Definition
The exchanges of energy that occur in flight as the airplane converts one form of energy into another, or as energy is added by the engine and removed by drag. The pilot manages these exchanges using pitch and power: pitch trades altitude (potential energy) for airspeed (kinetic energy) or vice versa, while power adds energy to the system and drag continuously removes it.
Plain English
An energy transaction is any time the airplane swaps one kind of energy for another, or gains or loses energy overall. Climbing trades speed for height. Descending trades height for speed. Adding throttle puts more energy in. Drag is always taking some out.
Context Anchor
Seen in the Airplane Flying Handbook discussion of managing an airplane’s energy state, especially when comparing climbs, descents, turns, and speed changes.
Derivation
A 'transaction' comes from Latin 'transigere,' meaning to drive through or carry across.
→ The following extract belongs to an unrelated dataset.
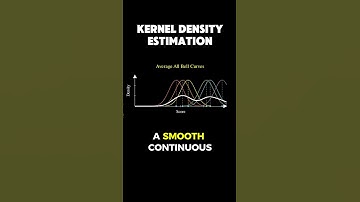 커널 밀도 추정 #수학 #통계 #데이터과학 #머신러닝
In banking, it means money moving between accounts. Here, the same idea applies to energy: it is being moved between the airplane's altitude account and its airspeed account, with the engine making deposits and drag making withdrawals.
Why Pilots Care
Recognizing these exchanges lets a pilot keep the airplane at a safe speed and altitude without losing control or wasting fuel.
Analogy
Think of altitude and airspeed as two bank accounts. The pilot can transfer between them with pitch, and the engine can deposit into either by adding power. Drag is a small, constant withdrawal that never stops.
Grounding Statement
If you raise the nose without adding enough power, the airplane may gain altitude by giving up speed.
Intuition Check
Do not read “transactions” as paperwork, money, or a radio exchange. Here it means exchanges of airplane energy: speed, altitude, power added, and energy lost to air resistance.
Example Sentence 1
Pulling the nose up without adding power is an energy transaction that trades airspeed for altitude.
Example Sentence 2
Adding power creates an energy transaction that turns chemical energy into both kinetic and potential energy during a climb.